Non-small cell lung cancer accounts for 87% of all lung cancer cases and some 5% of NSCLC cases are ALK-positive. This implies that they have genetic abnormality in the anaplastic lymphoma kinase gene.
According to the new study led by researchers at Massachusetts General Hospital (MGH) published in the New England Journal of Medicine, lung cancer patients with specific genetic alteration lived longer when treated early with drug Lorlatinib. First and second generation ALK inhibitors have been in development since 2008 and Lorlatinib is a third-generation ALK-inhibitor that has been approved for ALK-positive patients where cancer has progressed after taking older-generation inhibitors. Based on the interim analysis, the study authors have concluded that ALK-positive NSCLC patients who received Loratinib experienced significantly longer PFS and had intracranial responses more often when compared to patients in the crizotinib group.

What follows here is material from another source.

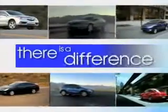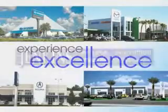When it comes to car buying, there is a difference. Experience excellence at any Jenkins dealership.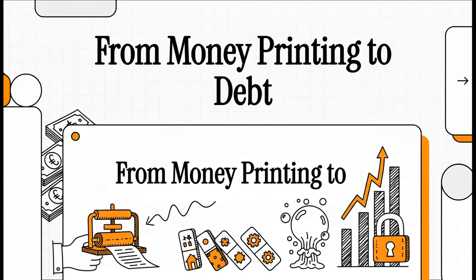Ever wonder how a decision made by some central banker can end up making your house more expensive? It sounds totally disconnected, right? Well, it turns out there's a direct line — a crazy chain reaction that starts with something called money printing and ends with a number so big it's almost impossible to wrap your head around. So today, let's knock over that first domino to see exactly how it all connects.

Lorlatinib is a third-generation inhibitor of anaplastic lymphoma kinase (ALK) and has anti-tumor activity in previously treated patients with ALK positive non-small cell lung cancer. Lorlatinib is currently approved for use in patients who have received advanced despite treatment with past generations of ALK inhibitors. The first-generation and second-generations of ALK inhibitors can be very effective but patients are at risk of metastasis too brain.
Benjamin Solomon, MD, Department of Medical Oncology, Peter MacCallum Cancer Centre in Australia, said, “Biomarker-driven medicines have improved outcomes for people living with ALK-positive non-small cell lung cancer, but innovative therapies are still needed to delay disease progression.”
The trial is still ongoing and has shown promising results so far but the researchers need to continue to follow lung cancer patients to track long-term outcomes like overall survival.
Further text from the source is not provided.